Stored data:
****************

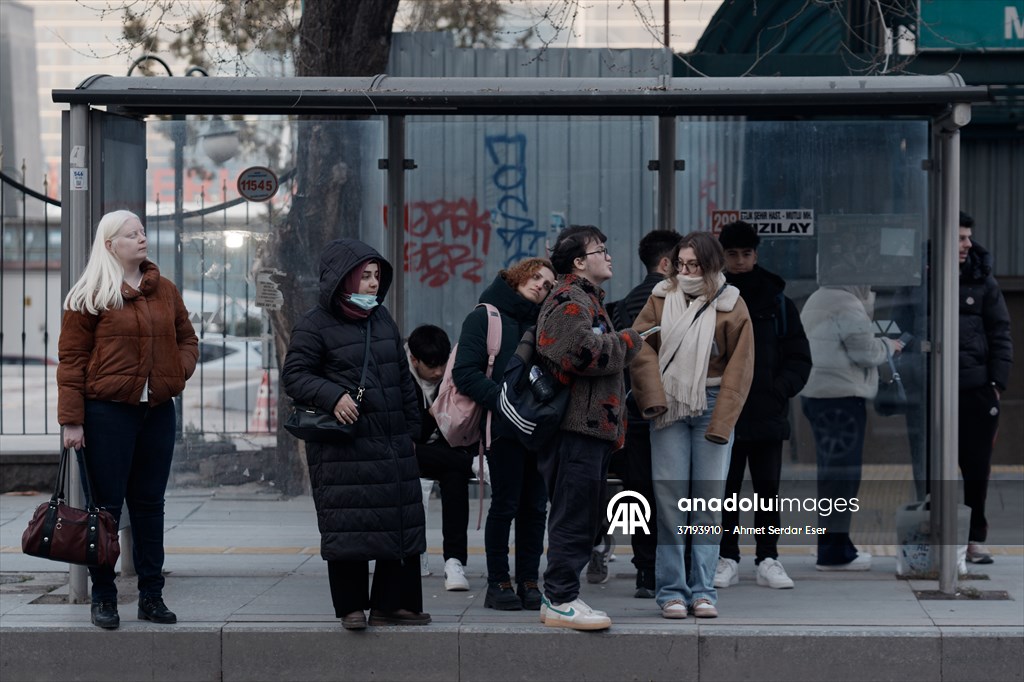 Dünya Nadir Hastalıklar Günü: 'Albino olmak'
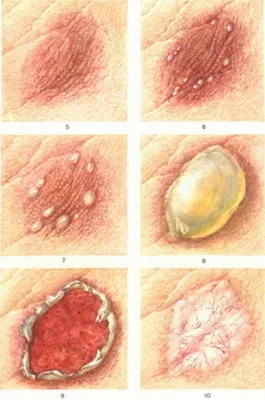 Лучевые поражения - признаки, причины, симптомы, лечение и профилактика -  iDoctor.kz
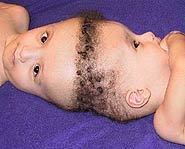 While most conjoined twins are joined at the chest, these Siamese twins from Egypt are joined at the head.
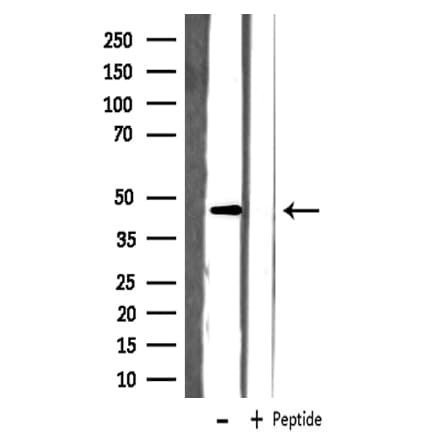 SLC22A18 Antibody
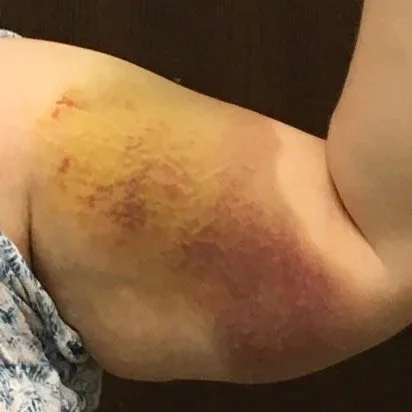 Bruised and swollen upper arm with discoloration from injury.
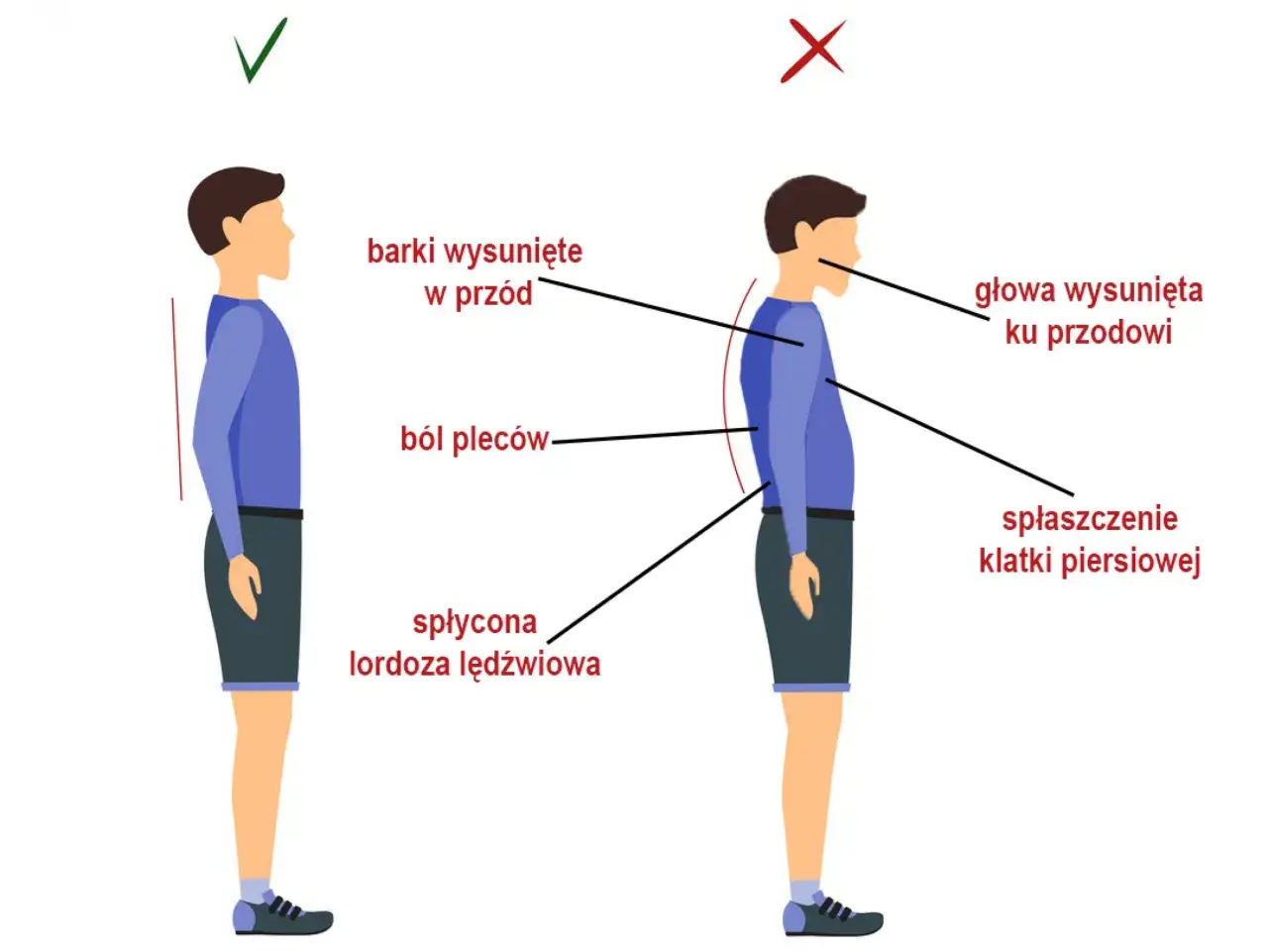 Złe ZZSK to przygarbiona postawa, wysunięta głowa i barki, b&oacute;l plec&oacute;w, spłaszczona klatka piersiowa. Prawidłowa postawa jest prosta.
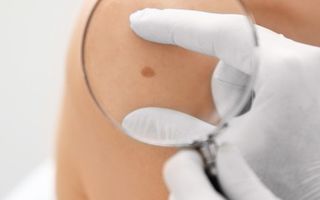 Image for Natural ways to support melanoma treatment safely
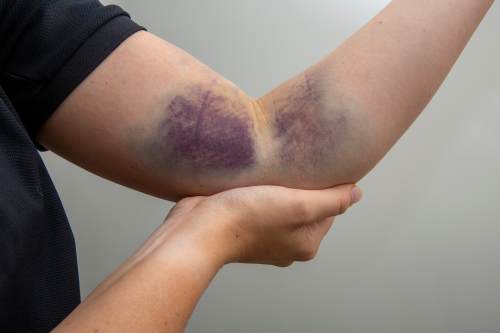 blunt force trauma injury
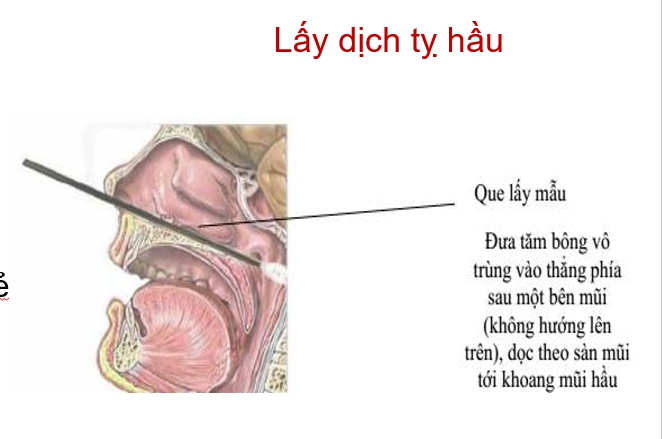 Que Tăm Bông Lấy Dịch Tỵ Hầu Họng Nhiều Thương Hiệu (Tiệt Trùng Từng Que)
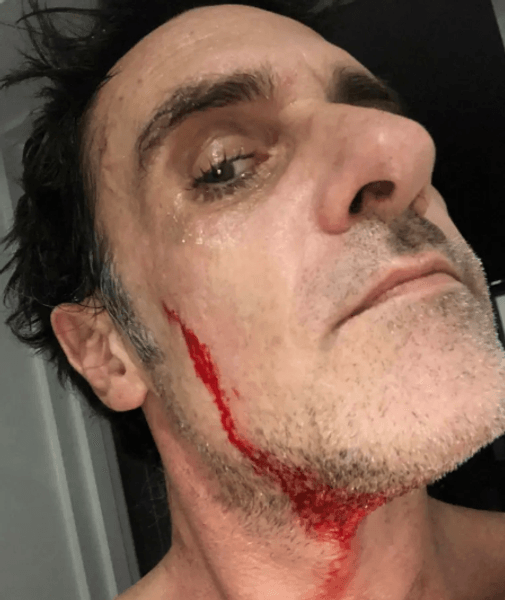 Ник порезался после первых движений бритвой во время бритья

****************

_Brief_. Leave out the images and write out the lines above exactly, from the one with "Лучевые поражения - признаки, причины, симптомы, лечение" up to and including the one with "Złe ZZSK to".

_Answer for this exercise_.
 Лучевые поражения - признаки, причины, симптомы, лечение и профилактика -  iDoctor.kz
 While most conjoined twins are joined at the chest, these Siamese twins from Egypt are joined at the head.
 SLC22A18 Antibody
 Bruised and swollen upper arm with discoloration from injury.
 Złe ZZSK to przygarbiona postawa, wysunięta głowa i barki, b&oacute;l plec&oacute;w, spłaszczona klatka piersiowa. Prawidłowa postawa jest prosta.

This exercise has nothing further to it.